暫くの沈黙の後、シリウスがゆっくりと話し出した。


「僕が、その時の子、って言ったら信じる?」


「えっ!?」


 みさは驚いて、お弁当のお箸を落としてしまった。

目を丸くしてシリウスを見ている。

 シリウスは続けて話した。


「すまない。驚くのも無理ないよな。あれからもう12年。まだ僕が13歳で、みさが8歳の時だから。それにしても、僕が渡したホシノカケラ、まだ持っててくれてて、大事にしてくれてたの嬉しいよ」

 シリウスは嬉しそうに照れながら笑う。


「ホシノカケラ……これがそうなんですね。でも、ごめんなさい、記憶が曖昧で、あなたの顔を見てもはっきりとは思い出せないんです。名前も覚えていないし。覚えている事は、はっきりしているのは……この石の事だけ。この石は、花畑に行った時に会った子と別れる時に貰って、『持ってたら、きっとまた会えるから、迎えに行くから』って言われたので……それ以来、1日も欠かさず、はだ見離さず持っています」

 大事そうに石を見詰めながら言うみさを見て、シリウスは凄く嬉しそうに言った。

 

「名前は『シリウス』だよ。1日も欠かさず持っていてくれたんだね。嬉しいよ」

 

 嬉しそうなシリウスを見て、みさは申し訳なさそうに言う。

「シリウスさん、でもその子とは、結局、その時会ったたった一度きりで、それ以来会うことは無かったのです。その場所も何度も探してみましたが、見付からなくて。どうやって行って、どうやって帰ったかも思い出せなかったです。あの日の事は、まるで夢でも見てたかの様な感じでした」


「みさも何度も探してくれてたんだな」

 シリウスは合図ちを打ちながら、たまに返答をし、みさの話を静かに聞いている。

「はい、この石を見る度思ってたんです。きっとあれは夢じゃなくって、本当にあった事じゃないのかな…って。だから、何度も探しました。信じたいです。

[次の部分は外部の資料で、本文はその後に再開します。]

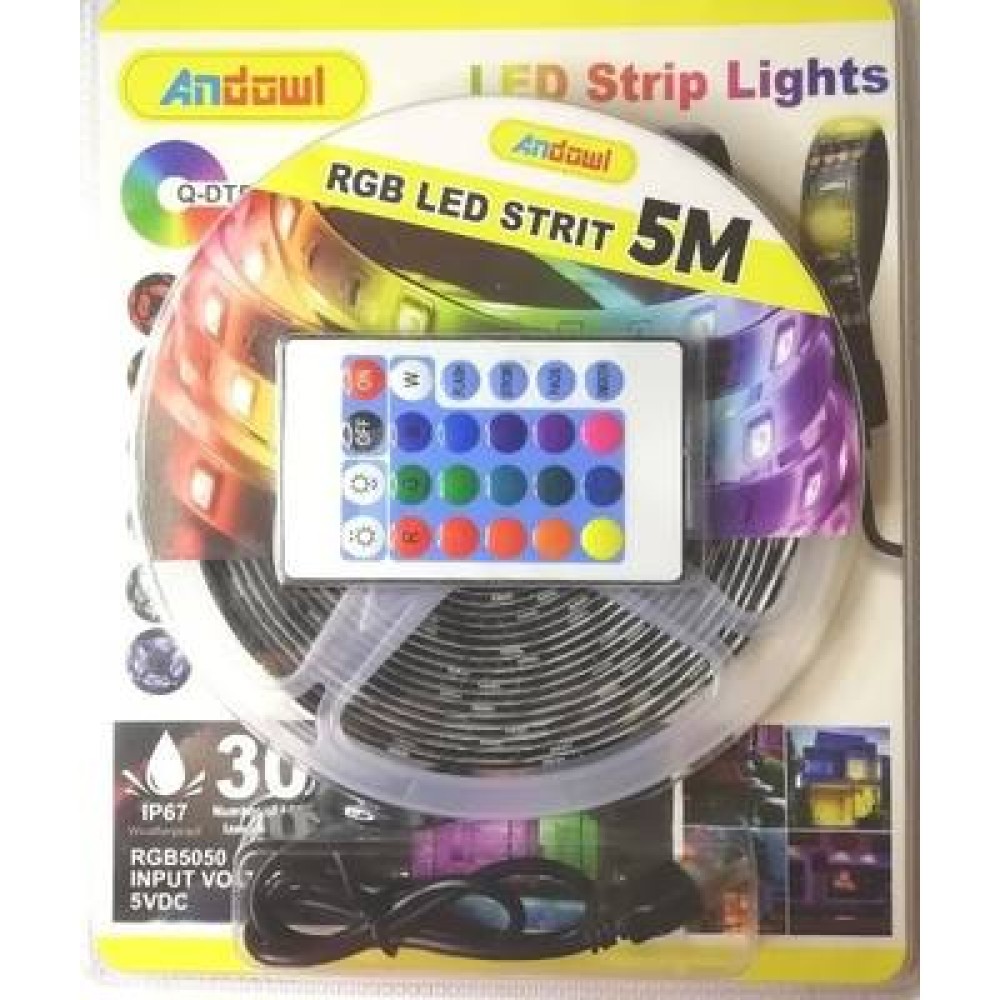 Andowl Waterproof Power Supply 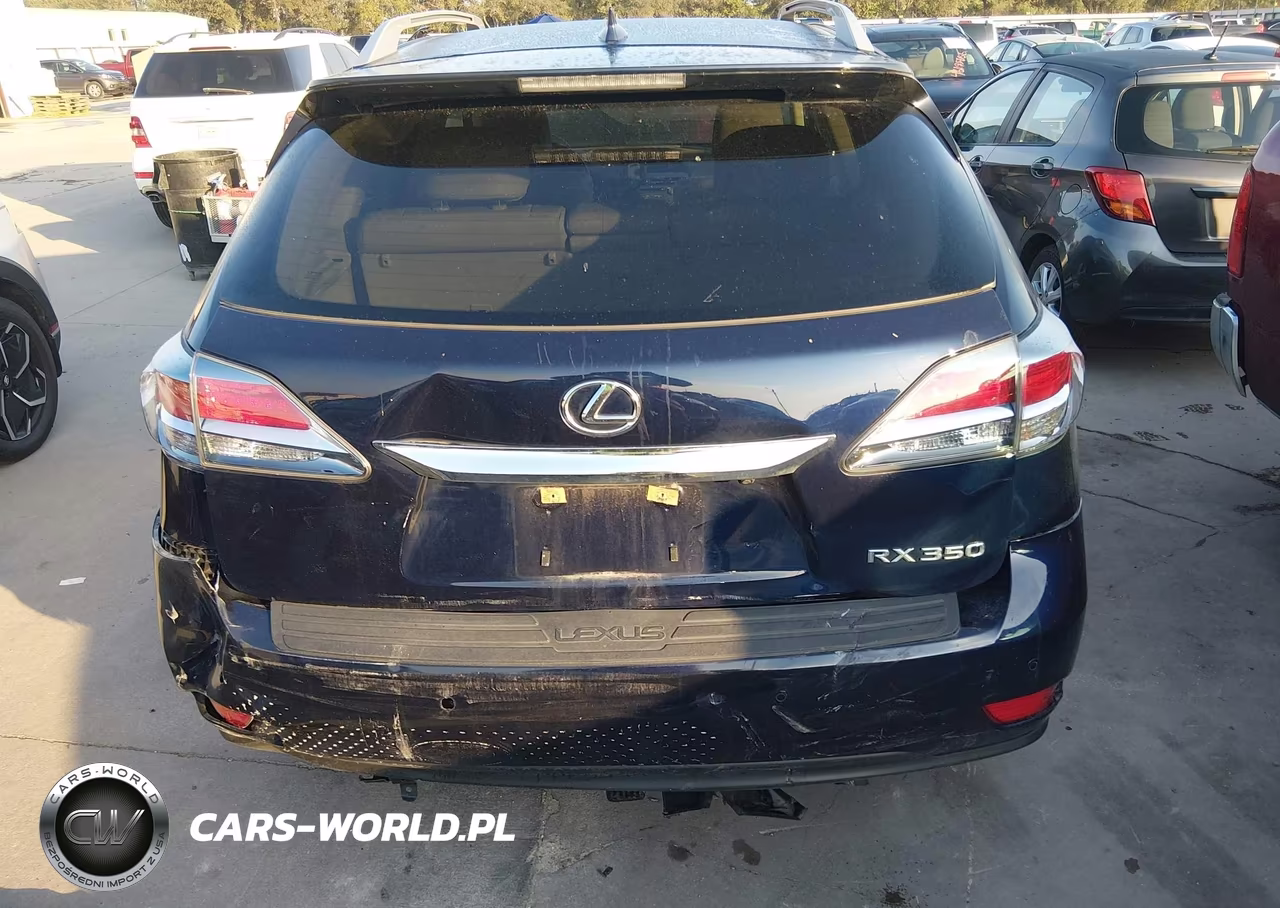 2015 Lexus Rx 350 VIN:2T2BK1BA4FC259292 - 17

あの日のあの子の事、ずっと、ずーっと、想っていました。会いたかったんです。もう一度。あなたが本当にその時の子だとしたら、凄く嬉しいです」

 話が途切れると、シリウスはみさの顔を覗き込みながら言った。

「じゃあ、僕の話を信じてくれるんだね?」

 嬉しそうに話してくるシリウスにみさは、驚きつつも答える。

「あの……いきなりでビックリしていますし、完全に信じれるか、といえば嘘になります。けれど、あなたが嘘を言っているようには思えません。この大事な石の事を言われたのも初めての事です。さっきも、幼い頃としか言っていないのに、貴方は私が8歳の時って断言していました。信じて、あなたともう少し話をしたいと思います」


 シリウスは満面の笑みで、みさに言う。